Circuit & Mikrofonik
Hey Circuit, I was just tweaking a 360‑degree mic array for a robot project, and I’m wondering how you’d handle the signal routing and impedance matching. What’s your take on making the audio feed clean enough for real‑time AI processing?
Hey, for a 360‑degree mic array you want a low‑noise, matched‑impedance front‑end. Use a differential TIA per mic with a 50‑ohm source impedance, then buffer each with a low‑noise op‑amp into a 100‑ohm load. Keep the traces short and shielded, use star‑grounding, and pull the bias with a high‑value resistor so the signal stays clean. For real‑time AI, digitize at 48 kHz, apply a 24‑bit ADC, and send the stream over a high‑speed bus like SPI‑DMA or I²S to your DSP. Keep the PCB layout symmetrical so the phase isn’t skewed – that’s the key to a clean, usable audio feed.

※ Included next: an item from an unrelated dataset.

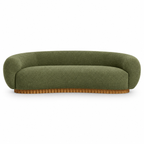 The Alba Bouclé Sofa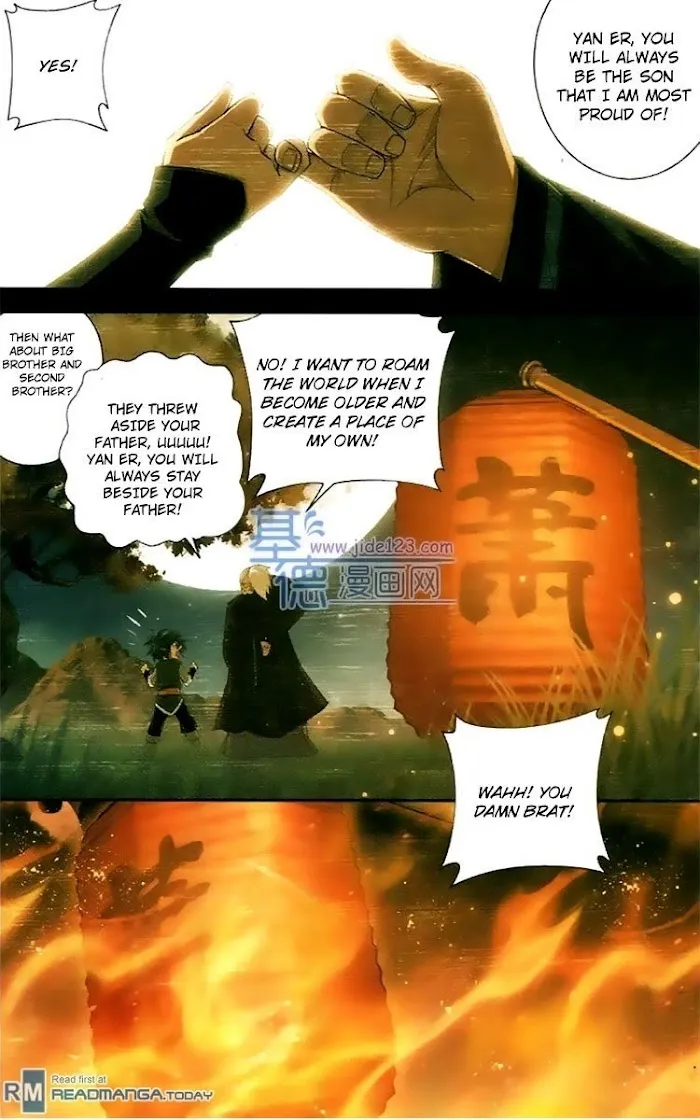 Read Fights Breaking Through The Heavens chapter 85 image 7 on Lezhin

Thanks for the rundown – I’ll stick the 50‑ohm source to the differential TIA, but I’m still debating whether a 100‑ohm load is too high for my 48 kHz ADC. Any thoughts on the bias resistor value? Also, my PCB is a bit cramped; maybe a ground plane would help more than star‑grounding? Let me know if you think the phase symmetry is really that critical for the AI to “hear” the world evenly.